Time è un documentario diretto da Garrett Bradley, regista che si imbattuta nella storia di Rob e Sybil nel 2016. Doveva essere inizialmente un cortometraggio, finché Sybil non le ha consegnato centinaia di ore di materiale filmato su cassette Mini Dv. Praticamente la sua vita e quella dei suoi figli, che nel frattempo sono diventati grandi senza un padre. Da quel materiale è nata l’idea di farne un lungometraggio, che ha debuttato al Sundance Film Festival 2020, vincendolo e diventando anche uno dei più seri candidati all’Oscar di categoria del 2021.

Un film sul tempo, quello che leggi ingiuste fanno perdere a molte vite. Il materiale di repertorio permette di sentire sulla pelle questo atroce scorrere del tempo, alternandosi con i momenti inevitabilmente creati dalla reazione a questa pazzia, la quotidianità contemporanea di Sybil, che ha usato il tempo che è stato concesso a lei per poterne regalare almeno ancora un po’ all’uomo della sua vita.

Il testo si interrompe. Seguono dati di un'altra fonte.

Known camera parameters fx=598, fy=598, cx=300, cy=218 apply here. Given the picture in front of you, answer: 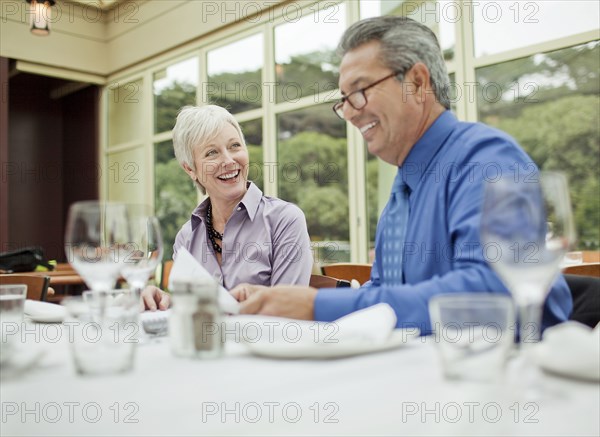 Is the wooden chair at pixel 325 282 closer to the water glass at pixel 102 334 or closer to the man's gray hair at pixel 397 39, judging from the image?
the man's gray hair at pixel 397 39

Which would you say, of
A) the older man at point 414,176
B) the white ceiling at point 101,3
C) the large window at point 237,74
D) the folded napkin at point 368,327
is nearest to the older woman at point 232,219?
the older man at point 414,176

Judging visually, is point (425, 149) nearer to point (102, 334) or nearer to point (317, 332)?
point (317, 332)

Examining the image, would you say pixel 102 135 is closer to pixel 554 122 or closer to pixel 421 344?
pixel 554 122

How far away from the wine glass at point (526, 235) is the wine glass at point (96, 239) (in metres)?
0.45

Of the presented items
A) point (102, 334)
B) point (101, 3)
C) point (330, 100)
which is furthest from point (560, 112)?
point (101, 3)

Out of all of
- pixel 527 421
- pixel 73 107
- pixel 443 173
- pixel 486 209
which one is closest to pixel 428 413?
pixel 527 421

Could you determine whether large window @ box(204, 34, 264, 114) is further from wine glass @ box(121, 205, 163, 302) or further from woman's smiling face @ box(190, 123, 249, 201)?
wine glass @ box(121, 205, 163, 302)

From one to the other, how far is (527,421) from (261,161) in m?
5.89

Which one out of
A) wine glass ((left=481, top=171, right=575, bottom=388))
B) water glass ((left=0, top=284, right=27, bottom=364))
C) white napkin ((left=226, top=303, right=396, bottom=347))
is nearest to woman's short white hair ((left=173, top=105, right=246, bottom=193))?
water glass ((left=0, top=284, right=27, bottom=364))

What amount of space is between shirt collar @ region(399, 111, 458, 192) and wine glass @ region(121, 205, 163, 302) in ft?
2.20

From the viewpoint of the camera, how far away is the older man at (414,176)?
1.00 meters

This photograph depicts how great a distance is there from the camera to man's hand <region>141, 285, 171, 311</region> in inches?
59.8

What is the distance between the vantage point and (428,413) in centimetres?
57

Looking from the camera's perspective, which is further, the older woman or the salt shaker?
the older woman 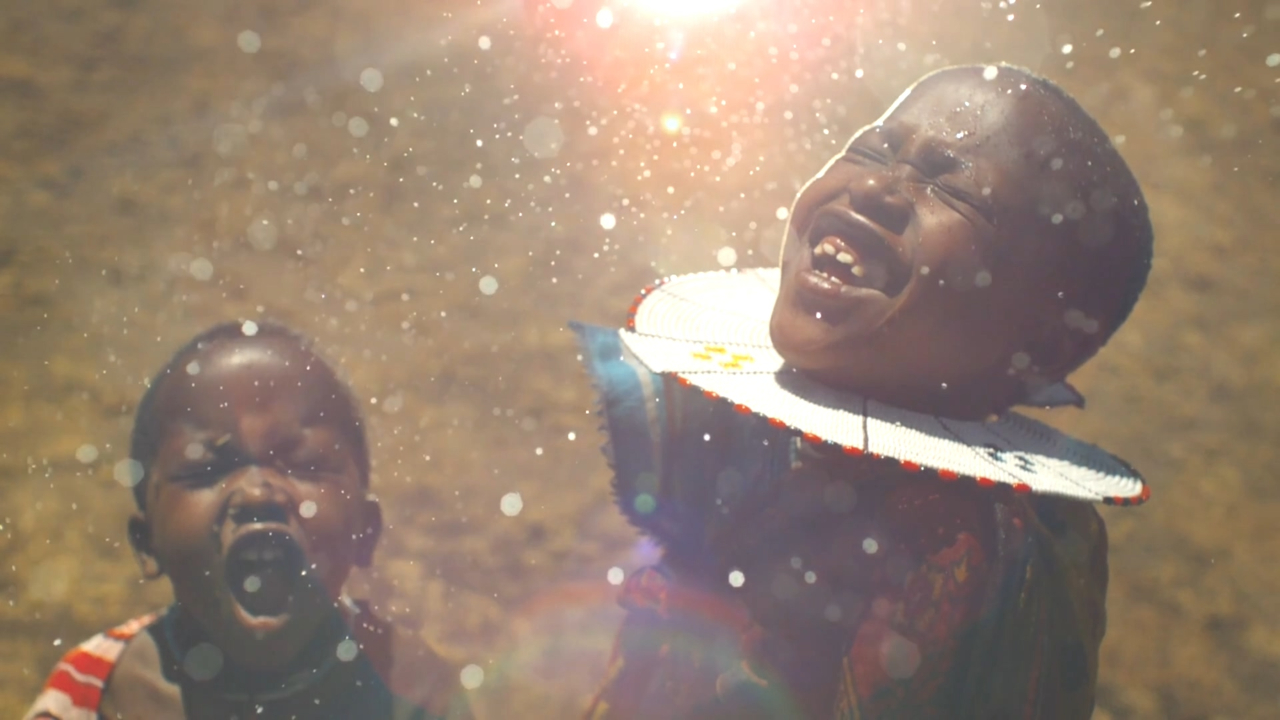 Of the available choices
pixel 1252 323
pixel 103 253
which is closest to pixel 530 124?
pixel 103 253

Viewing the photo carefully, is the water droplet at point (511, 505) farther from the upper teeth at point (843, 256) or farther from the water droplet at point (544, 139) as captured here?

Time è un atto di denuncia molto potente sulle storture della giustizia e del sistema carcerario negli Stati Uniti, dove evidentemente vengono usati pesi e misure diversi a seconda del colore della pelle. Ma è anche una storia di riscatto personale, di autoconsapevolezza e di speranza, quella che come si dice finché c’è vita è l’ultima a morire.

Non un film privo di difetti, in alcuni passaggi persino eccessivo nel celebrare, per non dire promuovere, la figura quasi santificata di Sybil, un compiacimento evidentemente voluto e instradato. Ma è altrettanto vero che scoprire l’evoluzione di questa famiglia, un divenire mosso da una voglia di rivincita straordinaria, fa passare in secondo piano questi peccatucci.

Il finale prende al cuore, nonostante un eccesso voyeristico che si poteva tranquillamente evitare, e alla fine di questo lungo giorno durato quasi vent’anni, c’è solo una cosa che conti davvero.